What is needed – All pictures are to be omitted while the lines starting at the line with "Customer in store" and ending at the line with "Una habitación de" in the material below are retyped exactly, both ends included.

Extracted information –
_ _ _ _

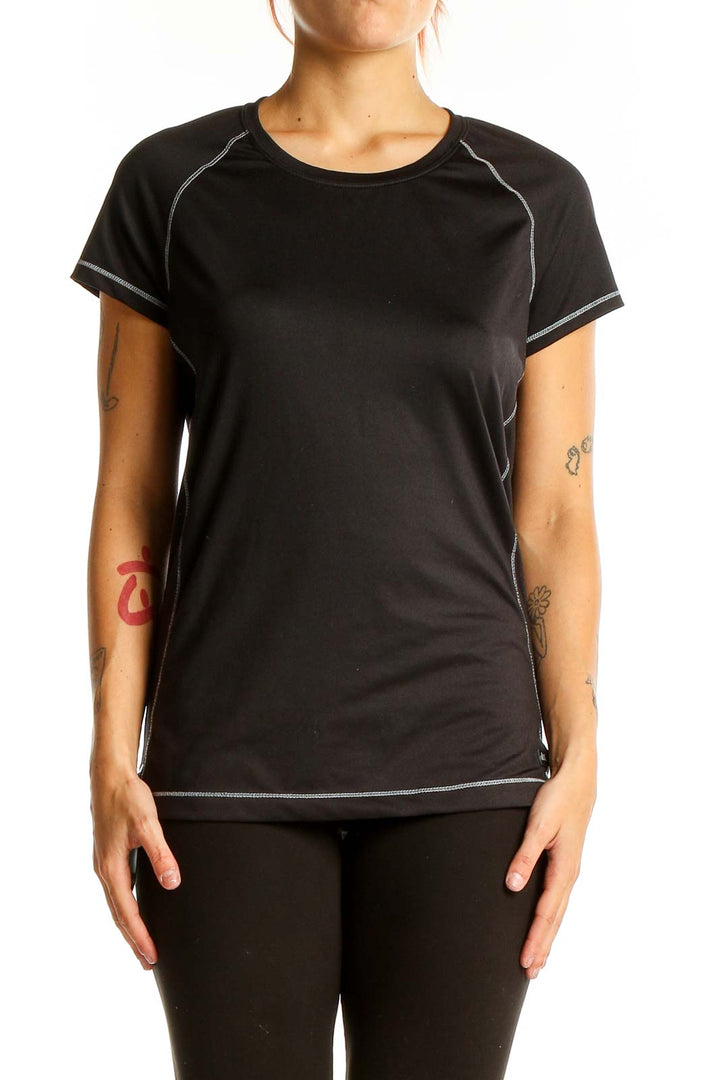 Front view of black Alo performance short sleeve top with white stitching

_ _ _ _

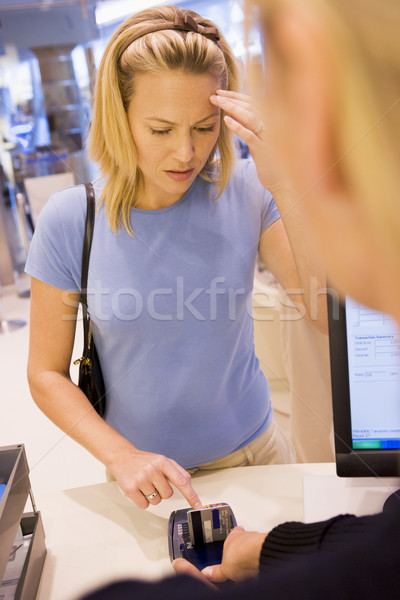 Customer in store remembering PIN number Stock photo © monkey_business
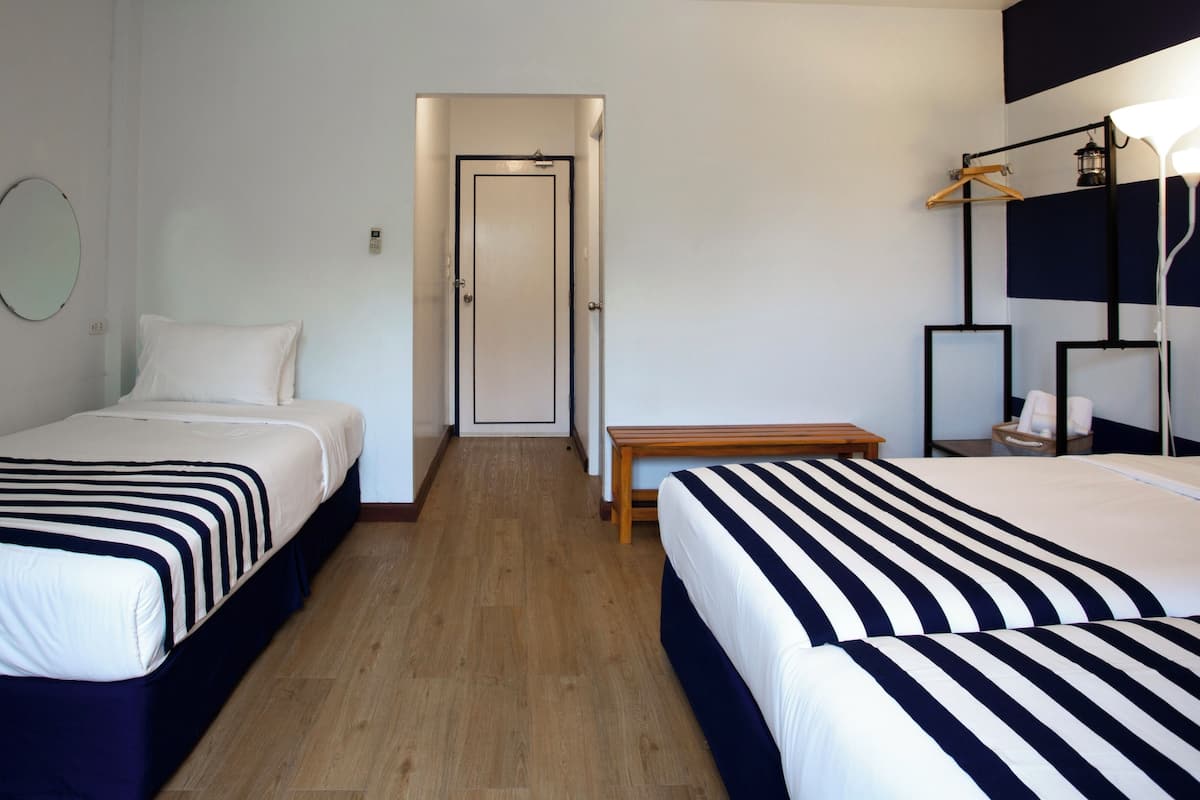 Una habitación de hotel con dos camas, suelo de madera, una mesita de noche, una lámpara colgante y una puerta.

_ _ _ _

Your solution –
 Customer in store remembering PIN number Stock photo © monkey_business
 Una habitación de hotel con dos camas, suelo de madera, una mesita de noche, una lámpara colgante y una puerta.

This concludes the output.